Because of Department of Labor Bulletin 95-1 and the court case of Bussian vs RJR Nabisco, defined benefit Plan Sponsors have an important fiduciary obligation to act in the best interest of their Participants when engaging in pension risk transfer. Combining the latest trend of outsourcing pension fund management with a Plan Sponsor’s need to satisfy this fiduciary obligation led us to offer our Fiduciary service that Plan Sponsor’s can use to eliminate their potential liability to plan Participants.
Brentwood has acted as a Fiduciary well over 150 times for $3B worth of group annuity contracts. Since 1984 we have placed approximately 1900 group annuity contracts and have worked on an estimated 2500.
The Brentwood Companies offer three fiduciary services:
1. Co-Fiduciary – Non-Discretionary where we provide advice and due diligence on the purchase of a group annuity contract as defined under ERISA Section 3(21).
2. Independent Fiduciary - Discretionary where the plan sponsor delegates the annuity purchase decision to us.
3. Non-Settlor Independent Fiduciary – where Brentwood does no settlor work but opines and provides due diligence as to whether the insurer chosen for a group annuity contract is a “safest available” insurer.

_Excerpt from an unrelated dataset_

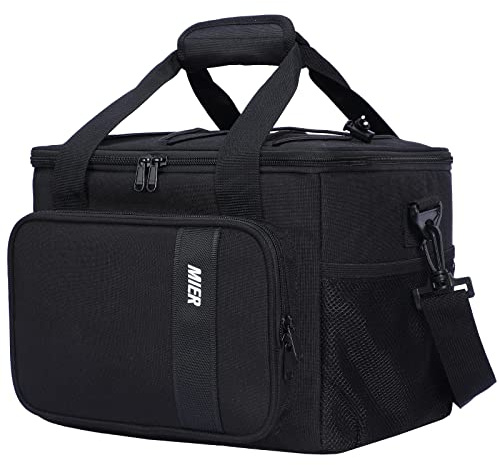 MIER Large Lunch Bag for Men Adult Insulated Lunch Box Cool Bags with Shoulder Strap Leakproof Lunch Cooler with Multiple Pockets for Work, Picnic, Travel, Camping, 15L, Black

Our fiduciary analysis of insurance companies is centered on the six factors to consider in DoL Bulletin 95-1, along with the decision and comments in Bussian v RJR Nabisco. Those documents focus on investment portfolio, profitability and liquidity. We also look at an insurer’s mortality assumptions to ensure they meet industry standards. Administrative capability and disaster recovery is viewed as well as the insurer’s risk governance, liquidity and regulatory structure. For jumbo transactions we analyze the separate account including dividend policy as well as any syndication that may occur and an in-depth analysis of assets in kind.